István Szabó, 1938’de Budapeşte’de doğdu. 1956’da Budapeşte Tiyatro ve Sinema Akademisi’nde öğrenime başladı ve 1961’de film yönetmenliği diplomasını aldı. Diploma çalışması olan ilk kısa filmi dünyanın çeşitli ülkelerinde gösterildi. İlk dönemlerinde Szabo kendi deneyimini sanatsal görüntülere aktarmayı seçti. Çevresinde olup biten her şeyi algıladı; gözlemler yaparak çağdaş insanın gerçeğini, bakış açısını, çabalarını ve isteklerini anlamaya çalıştı. Kariyerlerinin başlangıcındaki genç mühendisler, ergenliğin eşiğindeki bir genç adamın kişisel hedefleri, iki insanın Macar tarihinin çeyrek asrı boyunca değişen ilişkileri, eski bir apartmanda birlikte yaşayan insanların düş ve anıları, çağdaşlarıyla alegorik bir benzerlik taşıyan sıradan bir kent tramvayının “öyküsü”, savaş atmosferi içinde tümüyle farklı bir çiftin aşk ve uyumsuzlukları, yeni yeni boy göstermeye başlayan Alman faşizminin önce yeteneklerini ortaya koymasına izin verip sonra da baskı altına aldığı genç bir aktörün karakter irdelemesi gibi temaları işledi. Tüm bu filmler tarihsel gerçeği sorgulayan bir iç hesaplaşma ile doğrudan ilişkilidir.

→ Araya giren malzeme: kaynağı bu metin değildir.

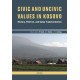 Civic and Uncivic Values in Kosovo: History, Politics, and Value Transformation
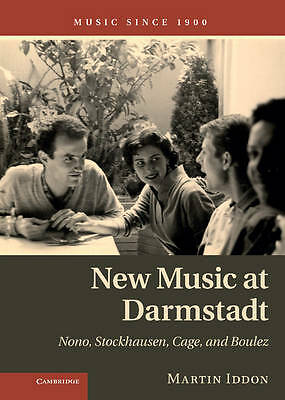 New Music at Darmstadt Nono, Stockhausen, Cage, and Boulez Iddon Hardback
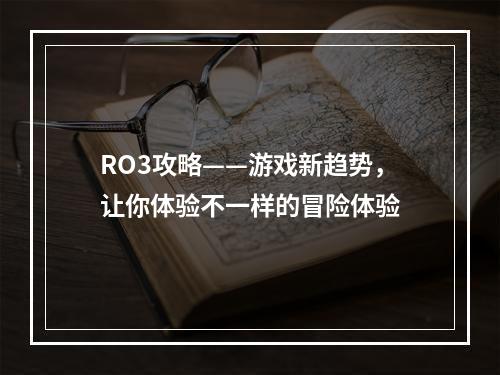 RO3攻略——游戏新趋势，让你体验不一样的冒险体验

Szabó’nun filmlerindeki görüntüler, şiirsellik, düş gibi kavramlar, basit halkın küçük dram, huzursuzluk, başarı, aşk, zevk, gerilim ve çoşkuları, ve Macaristan’ın savaş sonrası acılarının ayrıntılı anlatımını içermektedir. Istvan Szabo, konu ve senaryonun en az yönetim kadar önemli olduğu kendine özgü “auteur” filmleri gerçekleştirdi. Filmlerinin kahramanları salt insanlar değil, aynı zamanda kentler, yollar, evler ve parklardır. Bir de yönetmenin yaşadığı kent ve insanların kaderlerinin kesiştiği nokta olan Budapeşte. Szabó’nun yaratıcı gözünde kentler uyanır, yükselir, savaşın acılarıyla yaralanır ve kahramanlarıyla yaşarlar.
1981 yılında çektiği Mephisto diğer ödüllerin yanı sıra, Cannes Film Festivali’nde En İyi Senaryo ve Oscar ödülünü kazandı. 1996 yılında çektiği ‘The Hundred Years of Cinema’ adlı belgesel filmyle ise Pulitzer ödülünü de kazandı. Sinematogarfisinde yaklaşık 50 ödülü ve 20’yi aşkın ödül adaylığı bulunan yönetmen küşküsüz ki Avrupa’nın yaşayan en önemli yönetmenleri arasında yer almaktadır. Oscar ödülünü kazanan Mephisto adlı filmi ise sinema tarihinin başyapıtları arasında yer almaktadır.